● Input for this task:
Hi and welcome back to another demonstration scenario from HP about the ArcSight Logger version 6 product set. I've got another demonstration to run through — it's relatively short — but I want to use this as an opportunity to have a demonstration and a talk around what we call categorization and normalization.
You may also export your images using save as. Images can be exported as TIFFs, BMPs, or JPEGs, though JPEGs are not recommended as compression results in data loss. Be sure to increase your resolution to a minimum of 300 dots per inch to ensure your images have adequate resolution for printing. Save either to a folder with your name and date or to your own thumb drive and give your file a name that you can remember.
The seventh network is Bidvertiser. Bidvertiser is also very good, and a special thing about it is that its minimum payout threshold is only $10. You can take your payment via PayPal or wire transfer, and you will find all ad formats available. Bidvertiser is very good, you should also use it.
* * *
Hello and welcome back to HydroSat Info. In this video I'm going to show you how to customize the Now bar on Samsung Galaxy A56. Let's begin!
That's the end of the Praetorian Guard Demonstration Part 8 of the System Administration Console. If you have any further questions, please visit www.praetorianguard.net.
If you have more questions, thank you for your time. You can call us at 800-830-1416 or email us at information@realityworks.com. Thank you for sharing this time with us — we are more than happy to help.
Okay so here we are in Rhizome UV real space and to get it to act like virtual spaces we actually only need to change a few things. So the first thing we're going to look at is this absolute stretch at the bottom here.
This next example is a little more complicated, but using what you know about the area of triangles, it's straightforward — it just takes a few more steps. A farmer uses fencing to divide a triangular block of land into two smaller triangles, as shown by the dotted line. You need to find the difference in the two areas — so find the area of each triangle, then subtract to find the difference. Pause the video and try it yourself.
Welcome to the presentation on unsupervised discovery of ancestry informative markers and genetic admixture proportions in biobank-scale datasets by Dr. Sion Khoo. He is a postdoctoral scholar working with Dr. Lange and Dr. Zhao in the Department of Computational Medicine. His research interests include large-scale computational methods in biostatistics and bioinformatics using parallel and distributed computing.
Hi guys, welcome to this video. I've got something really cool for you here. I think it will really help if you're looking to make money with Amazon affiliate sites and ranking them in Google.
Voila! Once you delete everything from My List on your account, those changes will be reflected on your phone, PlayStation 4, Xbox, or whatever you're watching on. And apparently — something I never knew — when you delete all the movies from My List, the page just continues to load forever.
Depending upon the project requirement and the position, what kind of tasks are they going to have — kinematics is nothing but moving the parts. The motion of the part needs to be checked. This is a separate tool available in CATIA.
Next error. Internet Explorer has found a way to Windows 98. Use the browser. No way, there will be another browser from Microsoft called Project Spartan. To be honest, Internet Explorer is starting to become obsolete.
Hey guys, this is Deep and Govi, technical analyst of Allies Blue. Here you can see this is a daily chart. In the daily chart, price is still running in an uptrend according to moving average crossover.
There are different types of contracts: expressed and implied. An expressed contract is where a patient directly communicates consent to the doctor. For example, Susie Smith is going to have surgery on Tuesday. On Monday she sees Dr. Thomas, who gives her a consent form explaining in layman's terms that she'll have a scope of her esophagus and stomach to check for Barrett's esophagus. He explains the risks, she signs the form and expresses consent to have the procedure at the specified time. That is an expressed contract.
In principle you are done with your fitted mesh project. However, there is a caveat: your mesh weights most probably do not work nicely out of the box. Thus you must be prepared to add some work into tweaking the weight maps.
==
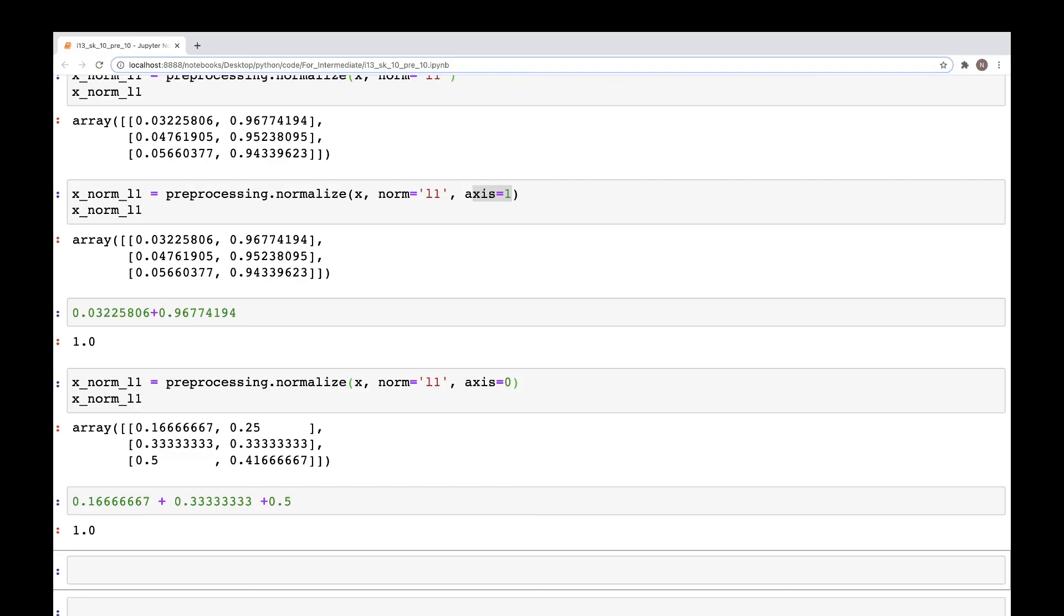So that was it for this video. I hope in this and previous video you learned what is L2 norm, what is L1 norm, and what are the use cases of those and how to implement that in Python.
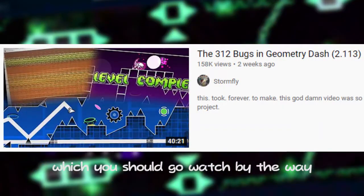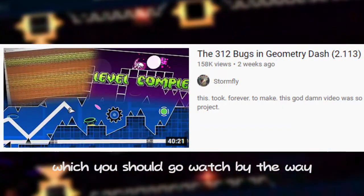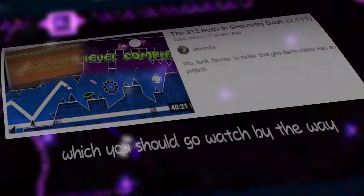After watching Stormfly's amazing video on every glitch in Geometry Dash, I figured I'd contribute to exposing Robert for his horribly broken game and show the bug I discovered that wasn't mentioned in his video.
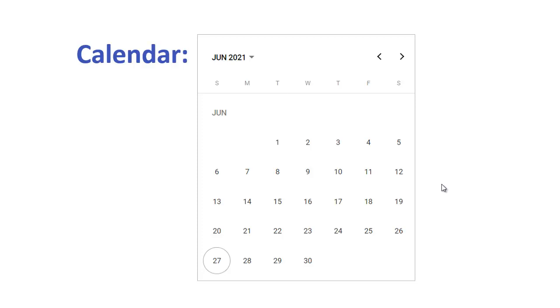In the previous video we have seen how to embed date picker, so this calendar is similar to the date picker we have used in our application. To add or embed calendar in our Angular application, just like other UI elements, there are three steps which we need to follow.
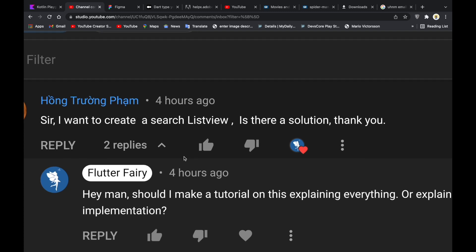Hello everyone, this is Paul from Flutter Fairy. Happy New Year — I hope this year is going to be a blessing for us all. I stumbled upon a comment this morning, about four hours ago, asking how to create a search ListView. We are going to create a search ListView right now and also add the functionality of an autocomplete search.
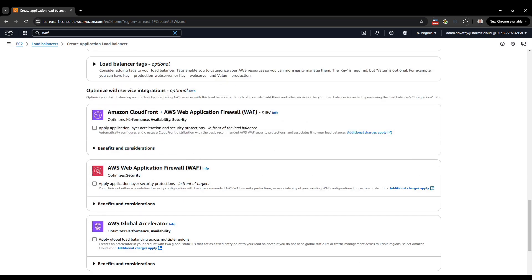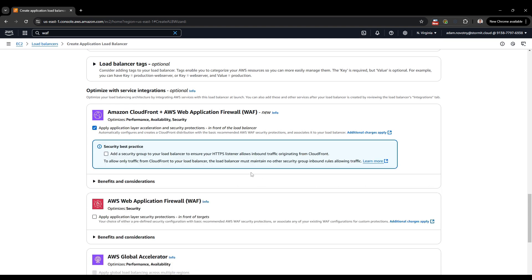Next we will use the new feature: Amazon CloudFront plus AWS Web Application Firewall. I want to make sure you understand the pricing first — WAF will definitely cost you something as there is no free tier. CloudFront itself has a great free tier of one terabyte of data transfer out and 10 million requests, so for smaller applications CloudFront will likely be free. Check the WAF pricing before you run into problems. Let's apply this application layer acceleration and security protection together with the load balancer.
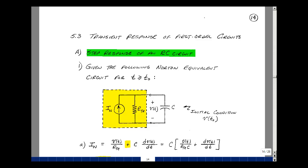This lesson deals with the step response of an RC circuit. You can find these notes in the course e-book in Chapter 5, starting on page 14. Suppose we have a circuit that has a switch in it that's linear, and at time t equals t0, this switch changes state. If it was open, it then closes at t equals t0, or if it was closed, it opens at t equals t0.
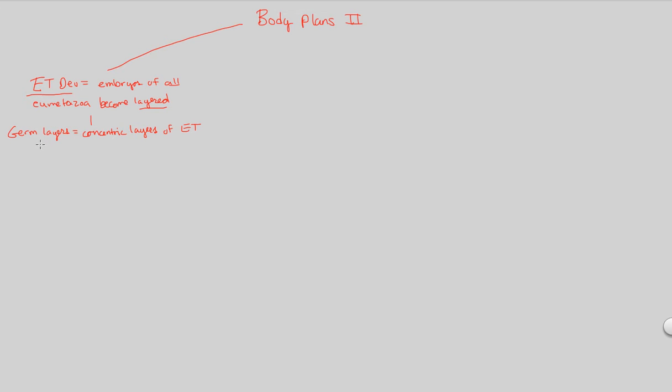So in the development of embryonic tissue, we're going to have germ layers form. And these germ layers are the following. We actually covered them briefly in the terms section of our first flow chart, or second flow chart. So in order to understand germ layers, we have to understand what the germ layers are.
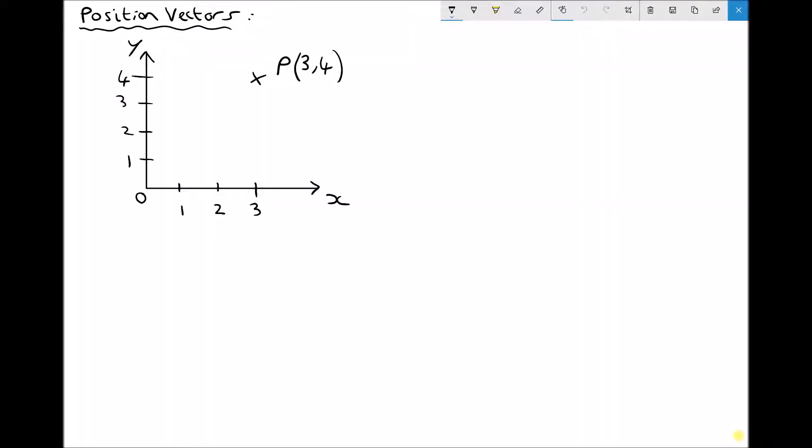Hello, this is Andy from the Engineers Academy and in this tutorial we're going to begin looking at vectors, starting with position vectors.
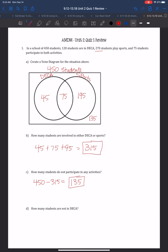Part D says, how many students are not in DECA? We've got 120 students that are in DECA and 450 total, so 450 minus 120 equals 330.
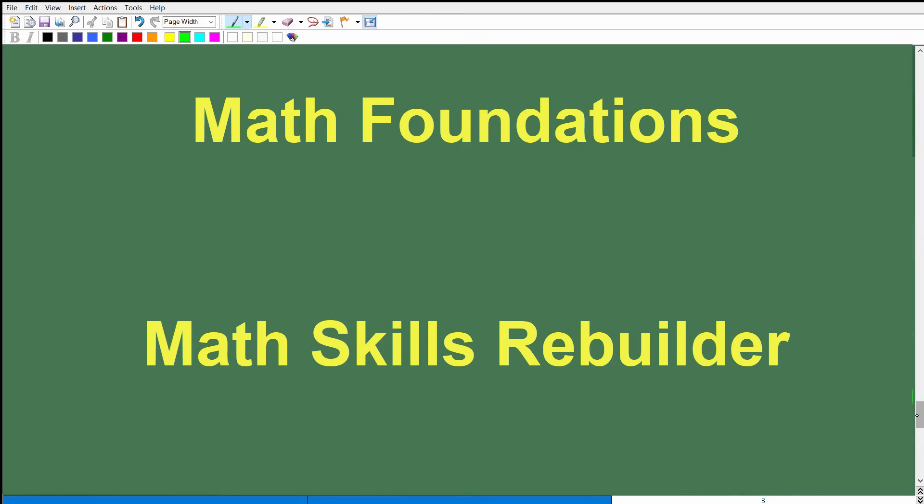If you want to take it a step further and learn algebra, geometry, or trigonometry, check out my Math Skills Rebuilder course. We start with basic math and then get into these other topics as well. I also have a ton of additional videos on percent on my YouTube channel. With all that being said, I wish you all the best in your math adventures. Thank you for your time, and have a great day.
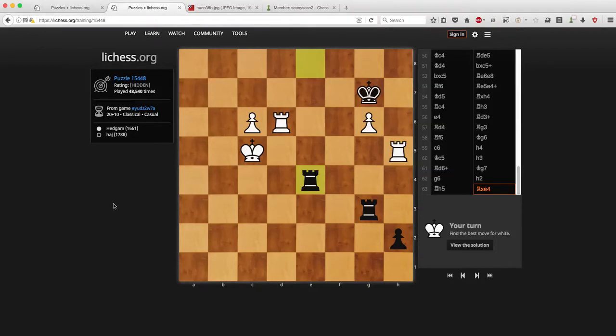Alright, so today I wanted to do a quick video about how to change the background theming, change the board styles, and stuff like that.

● What the task asks: Exact duplication is required for the lines above, from the line that contains "There are different" to the line that contains "In principle you", inclusive; omit all others.

● Result:
There are different types of contracts: expressed and implied. An expressed contract is where a patient directly communicates consent to the doctor. For example, Susie Smith is going to have surgery on Tuesday. On Monday she sees Dr. Thomas, who gives her a consent form explaining in layman's terms that she'll have a scope of her esophagus and stomach to check for Barrett's esophagus. He explains the risks, she signs the form and expresses consent to have the procedure at the specified time. That is an expressed contract.
In principle you are done with your fitted mesh project. However, there is a caveat: your mesh weights most probably do not work nicely out of the box. Thus you must be prepared to add some work into tweaking the weight maps.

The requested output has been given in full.